Kondisi tersebut berulang kali terjadi saat Hj Mulya Ningsih menceritakan begitu dekat dirinya dengan anak-anak tunagrahita.
Tunagrahita adalah sebutan bagi orang-orang dengan kemampuan intelektual dan kognitif yang berada di bawah rata-rata dibandingkan anak pada umumnya.
Sejak tahun 1985 bertindak sebagai relawan, Ningsih, begitulah ia disapa selalu merasa senang, merasa suka.
Rasa duka pun dianggapnya suka.
Saat itu belum terbentuk Special Olympic Indonesia (SOIna) di Indonesia.
Dan saat ini dirinya dipercaya menjadi Ketua SOIna sejak 2018 lalu.
"Kalau mau diceritakan ini, air mata tidak bisa tidak keluar," katanya saat ditemui di Sekretariat SOIna, Selasa (3/12/2019).
"Kalau suka duka, suka saja, kalau duka tidak ada lah. Kalau sudah ketemu mereka itu tidak ada lagi duka. Cuma adanya sayang, senang," ucapnya.
Sudah terbiasa bergelut dengan anak-anak berkebutuhan khusus, terutama tunagrahita, Ningsih menyebutkan bahwa tak rasanya selalu senang.

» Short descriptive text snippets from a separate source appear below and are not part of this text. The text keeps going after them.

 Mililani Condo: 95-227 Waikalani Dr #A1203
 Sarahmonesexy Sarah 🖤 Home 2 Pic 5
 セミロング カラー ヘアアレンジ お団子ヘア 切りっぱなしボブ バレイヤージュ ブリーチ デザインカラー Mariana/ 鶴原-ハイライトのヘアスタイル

Berbeda dengan orang yang jarang bahkan tidak bertemu, dipastikan air matanya akan turun.
"Anak-anak tersebut bisa bilang 'ma ma, ma ma', itu saja orangtuanya seperti menemukan emas," jelasnya.

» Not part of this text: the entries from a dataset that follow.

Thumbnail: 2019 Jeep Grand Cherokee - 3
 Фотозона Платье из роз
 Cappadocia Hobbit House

Ningsih pula menyebutkan bahwa anak tunagrahita selalu berbicara fakta.
Dicontohkannya jika anak diminta untuk menghitung 3+3, hasilnya anak-anak tersebut mengangkat tiga jari kanan dan kiri (telunjuk, tengah, manis).
"Sekarang yang laki-laki masukan tangan (masing-masing 3 jari) ke kantong dan saya tanya 3+3 berapa? Mereka jawab 7. Bingung kan? Mereka mengatakan fakta, dapat dari mana 1? Karena anak seperti ini libidonya lebih tinggi dibanding dari yang normal. Jadi (alat kelamin) jika disenggol sedikit 'bangun'," ungkapnya.